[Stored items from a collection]

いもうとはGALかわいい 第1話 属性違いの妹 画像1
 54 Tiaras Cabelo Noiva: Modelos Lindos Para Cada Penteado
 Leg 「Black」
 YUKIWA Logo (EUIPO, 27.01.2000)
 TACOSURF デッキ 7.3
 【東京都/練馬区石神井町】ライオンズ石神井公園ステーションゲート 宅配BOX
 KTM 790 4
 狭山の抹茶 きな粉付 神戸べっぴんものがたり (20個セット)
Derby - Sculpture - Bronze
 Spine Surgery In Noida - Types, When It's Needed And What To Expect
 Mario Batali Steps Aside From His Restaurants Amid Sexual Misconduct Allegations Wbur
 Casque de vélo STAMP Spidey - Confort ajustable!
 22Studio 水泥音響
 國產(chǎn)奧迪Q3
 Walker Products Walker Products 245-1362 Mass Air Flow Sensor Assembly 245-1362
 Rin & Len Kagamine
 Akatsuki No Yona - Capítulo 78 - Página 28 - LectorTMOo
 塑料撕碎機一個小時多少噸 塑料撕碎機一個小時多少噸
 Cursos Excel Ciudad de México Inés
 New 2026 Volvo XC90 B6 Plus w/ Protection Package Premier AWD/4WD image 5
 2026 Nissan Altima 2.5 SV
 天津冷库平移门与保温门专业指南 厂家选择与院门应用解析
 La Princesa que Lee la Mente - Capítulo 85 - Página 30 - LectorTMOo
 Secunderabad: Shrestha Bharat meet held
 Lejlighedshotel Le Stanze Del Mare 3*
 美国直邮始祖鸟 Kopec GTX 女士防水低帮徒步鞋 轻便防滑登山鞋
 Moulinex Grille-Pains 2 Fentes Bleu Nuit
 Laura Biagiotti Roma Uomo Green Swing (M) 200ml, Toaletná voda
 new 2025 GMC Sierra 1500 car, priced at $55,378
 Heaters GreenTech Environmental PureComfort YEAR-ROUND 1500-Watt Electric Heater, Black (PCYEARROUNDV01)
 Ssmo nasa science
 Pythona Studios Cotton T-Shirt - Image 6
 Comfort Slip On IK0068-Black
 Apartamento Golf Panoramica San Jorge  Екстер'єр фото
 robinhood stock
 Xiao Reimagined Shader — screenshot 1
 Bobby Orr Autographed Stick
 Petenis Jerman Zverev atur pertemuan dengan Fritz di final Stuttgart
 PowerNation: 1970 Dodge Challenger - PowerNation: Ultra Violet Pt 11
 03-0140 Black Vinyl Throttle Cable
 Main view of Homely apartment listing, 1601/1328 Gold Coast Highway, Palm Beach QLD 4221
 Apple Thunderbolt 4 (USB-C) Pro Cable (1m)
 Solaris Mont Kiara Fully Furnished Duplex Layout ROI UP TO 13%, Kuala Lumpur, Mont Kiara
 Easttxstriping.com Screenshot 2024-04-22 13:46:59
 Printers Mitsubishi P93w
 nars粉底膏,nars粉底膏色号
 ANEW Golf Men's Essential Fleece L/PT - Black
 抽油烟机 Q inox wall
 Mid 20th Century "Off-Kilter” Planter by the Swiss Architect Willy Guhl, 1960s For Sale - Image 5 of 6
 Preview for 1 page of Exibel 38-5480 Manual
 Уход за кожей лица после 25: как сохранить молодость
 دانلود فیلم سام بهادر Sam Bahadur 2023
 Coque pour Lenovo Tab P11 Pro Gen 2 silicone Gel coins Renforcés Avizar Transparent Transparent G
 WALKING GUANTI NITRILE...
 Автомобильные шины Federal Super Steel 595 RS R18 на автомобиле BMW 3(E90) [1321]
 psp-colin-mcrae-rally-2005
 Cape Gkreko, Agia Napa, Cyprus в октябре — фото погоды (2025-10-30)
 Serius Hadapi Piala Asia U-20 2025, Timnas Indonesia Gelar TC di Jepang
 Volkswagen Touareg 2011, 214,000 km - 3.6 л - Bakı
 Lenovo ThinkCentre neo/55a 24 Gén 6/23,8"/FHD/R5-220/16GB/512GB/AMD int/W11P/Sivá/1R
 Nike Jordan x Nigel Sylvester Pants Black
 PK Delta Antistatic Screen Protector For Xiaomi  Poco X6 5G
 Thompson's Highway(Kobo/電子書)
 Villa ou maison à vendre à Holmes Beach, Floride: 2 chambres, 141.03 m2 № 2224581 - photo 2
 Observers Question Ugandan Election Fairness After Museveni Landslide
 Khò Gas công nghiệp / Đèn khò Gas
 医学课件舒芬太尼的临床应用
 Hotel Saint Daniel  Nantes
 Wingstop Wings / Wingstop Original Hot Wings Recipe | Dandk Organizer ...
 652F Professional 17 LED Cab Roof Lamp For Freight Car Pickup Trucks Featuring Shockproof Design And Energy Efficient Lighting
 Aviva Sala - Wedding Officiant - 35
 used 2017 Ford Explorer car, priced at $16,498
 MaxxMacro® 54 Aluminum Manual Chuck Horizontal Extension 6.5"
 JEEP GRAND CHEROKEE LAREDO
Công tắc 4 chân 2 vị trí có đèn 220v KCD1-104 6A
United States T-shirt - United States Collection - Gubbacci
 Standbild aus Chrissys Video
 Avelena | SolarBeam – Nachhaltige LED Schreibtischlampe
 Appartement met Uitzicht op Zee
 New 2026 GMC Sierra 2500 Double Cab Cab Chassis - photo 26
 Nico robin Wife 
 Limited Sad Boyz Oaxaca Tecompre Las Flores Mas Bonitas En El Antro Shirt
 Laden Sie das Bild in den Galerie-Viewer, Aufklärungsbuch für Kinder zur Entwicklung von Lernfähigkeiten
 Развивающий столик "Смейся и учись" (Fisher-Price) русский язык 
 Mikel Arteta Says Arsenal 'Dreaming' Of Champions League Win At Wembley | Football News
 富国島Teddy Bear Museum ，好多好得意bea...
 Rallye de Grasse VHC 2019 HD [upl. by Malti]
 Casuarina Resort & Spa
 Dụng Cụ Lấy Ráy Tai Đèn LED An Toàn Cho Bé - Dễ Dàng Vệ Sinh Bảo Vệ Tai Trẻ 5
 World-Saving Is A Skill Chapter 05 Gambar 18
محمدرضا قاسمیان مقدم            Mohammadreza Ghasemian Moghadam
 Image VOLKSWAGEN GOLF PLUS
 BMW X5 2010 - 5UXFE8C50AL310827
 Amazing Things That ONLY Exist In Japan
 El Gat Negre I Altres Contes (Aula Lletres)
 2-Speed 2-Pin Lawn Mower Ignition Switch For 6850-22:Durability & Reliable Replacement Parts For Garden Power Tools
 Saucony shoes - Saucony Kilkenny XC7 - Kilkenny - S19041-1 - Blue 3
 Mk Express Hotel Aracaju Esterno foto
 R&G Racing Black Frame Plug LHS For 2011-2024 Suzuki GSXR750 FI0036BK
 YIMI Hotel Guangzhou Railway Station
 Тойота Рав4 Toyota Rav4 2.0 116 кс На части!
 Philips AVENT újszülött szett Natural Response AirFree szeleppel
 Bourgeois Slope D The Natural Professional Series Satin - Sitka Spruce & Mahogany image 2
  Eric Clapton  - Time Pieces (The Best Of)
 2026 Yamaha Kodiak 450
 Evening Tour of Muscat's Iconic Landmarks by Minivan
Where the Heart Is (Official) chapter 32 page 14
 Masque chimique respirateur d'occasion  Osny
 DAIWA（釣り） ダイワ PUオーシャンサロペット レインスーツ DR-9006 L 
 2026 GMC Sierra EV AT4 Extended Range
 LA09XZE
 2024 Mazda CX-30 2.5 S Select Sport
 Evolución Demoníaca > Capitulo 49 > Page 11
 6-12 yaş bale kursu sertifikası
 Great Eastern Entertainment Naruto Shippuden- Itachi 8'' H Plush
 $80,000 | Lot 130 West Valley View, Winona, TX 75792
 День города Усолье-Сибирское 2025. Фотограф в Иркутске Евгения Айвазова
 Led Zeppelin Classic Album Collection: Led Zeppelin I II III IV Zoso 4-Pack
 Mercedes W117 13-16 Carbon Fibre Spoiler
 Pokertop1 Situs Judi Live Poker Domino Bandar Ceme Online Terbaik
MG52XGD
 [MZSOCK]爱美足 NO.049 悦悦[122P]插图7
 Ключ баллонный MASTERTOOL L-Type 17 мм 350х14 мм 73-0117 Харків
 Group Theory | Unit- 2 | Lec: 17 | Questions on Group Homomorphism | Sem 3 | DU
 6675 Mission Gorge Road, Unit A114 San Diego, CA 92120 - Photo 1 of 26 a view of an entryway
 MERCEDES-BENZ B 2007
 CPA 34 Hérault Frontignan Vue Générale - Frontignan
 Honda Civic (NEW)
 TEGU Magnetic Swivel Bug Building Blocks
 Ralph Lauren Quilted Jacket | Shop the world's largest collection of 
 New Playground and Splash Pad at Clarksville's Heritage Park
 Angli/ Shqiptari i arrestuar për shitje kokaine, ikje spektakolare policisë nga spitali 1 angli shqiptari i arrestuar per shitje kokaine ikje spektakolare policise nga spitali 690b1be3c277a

#### How to complete this task
Each line above that carries the string "Capítulo" has to be returned.

#### Output
 Akatsuki No Yona - Capítulo 78 - Página 28 - LectorTMOo
 La Princesa que Lee la Mente - Capítulo 85 - Página 30 - LectorTMOo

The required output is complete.